PROBLEM TO SOLVE = Nothing after the line with "Case Gator Jigged" belongs in the copy; extract the lines below from the top through that line, pictures left out.

Stored data =
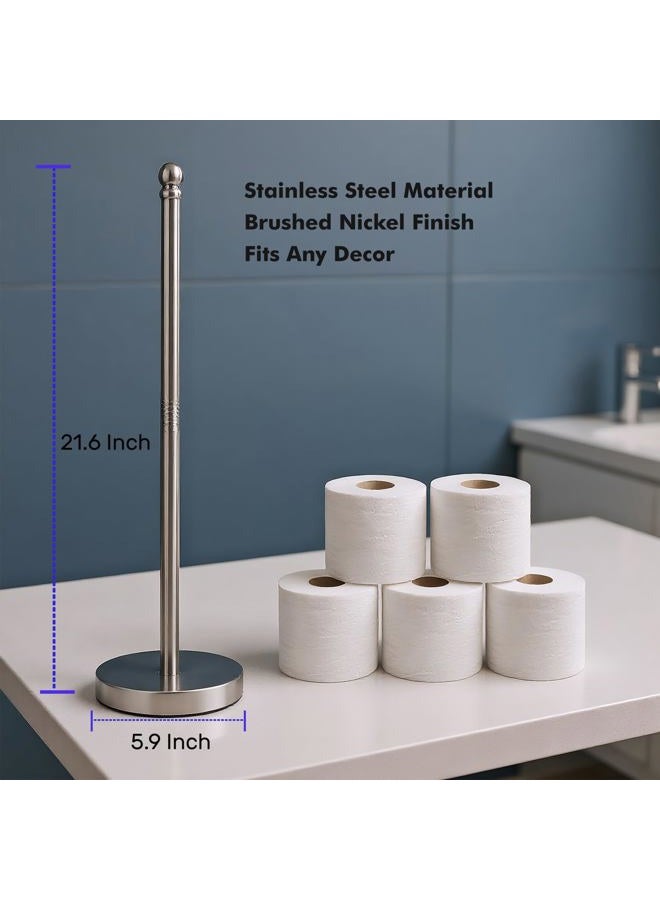 exilon Toilet Paper Holder Stand Holding Up to 5 Paper Rolls, Free-Standing Spare Rolls Storage Holder, Stainless Steel (Brushed Nickel) - Image 3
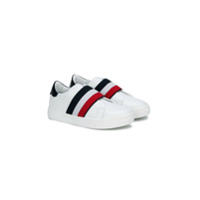 Moncler Kids Tênis slip on de couro e camurça - Branco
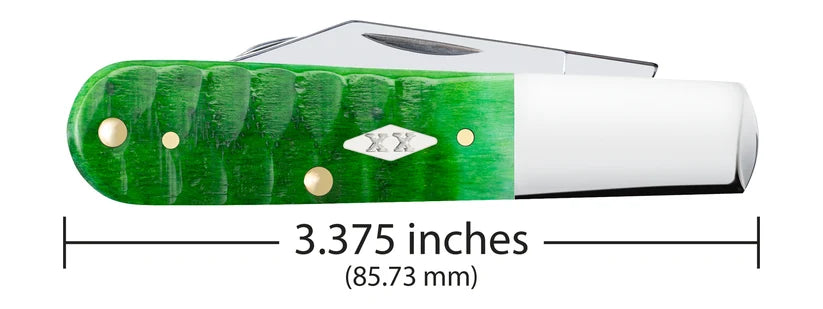Case Gator Jigged Bright Green Bone Barlow knife closed, 3.375 inches long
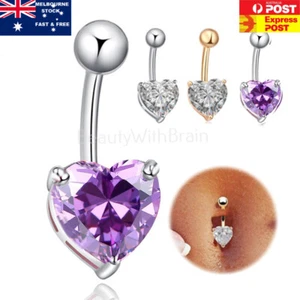 925 Sterling Silver Plated Rhinestone Button Bar Heart Star Belly Bar - Picture 1 of 15
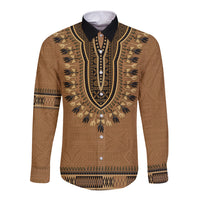 Brown African Dashiki With Fijian Tapa Pattern Long Sleeve Button Shirt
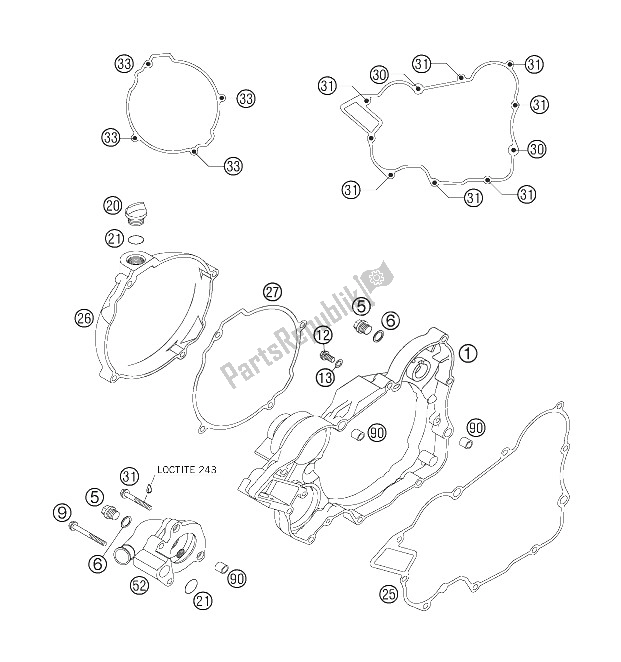 All parts for the Clutch Cover of the KTM 200 XC W USA 2006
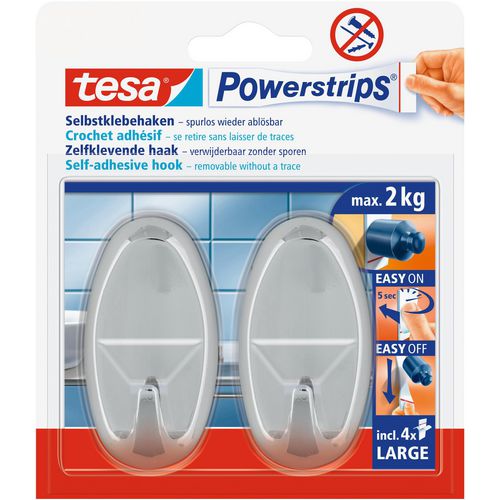 Verwijderbare haak tesa powerstrip 58050 chroom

THE COMPLETED TASK =
 exilon Toilet Paper Holder Stand Holding Up to 5 Paper Rolls, Free-Standing Spare Rolls Storage Holder, Stainless Steel (Brushed Nickel) - Image 3
 Moncler Kids Tênis slip on de couro e camurça - Branco
Case Gator Jigged Bright Green Bone Barlow knife closed, 3.375 inches long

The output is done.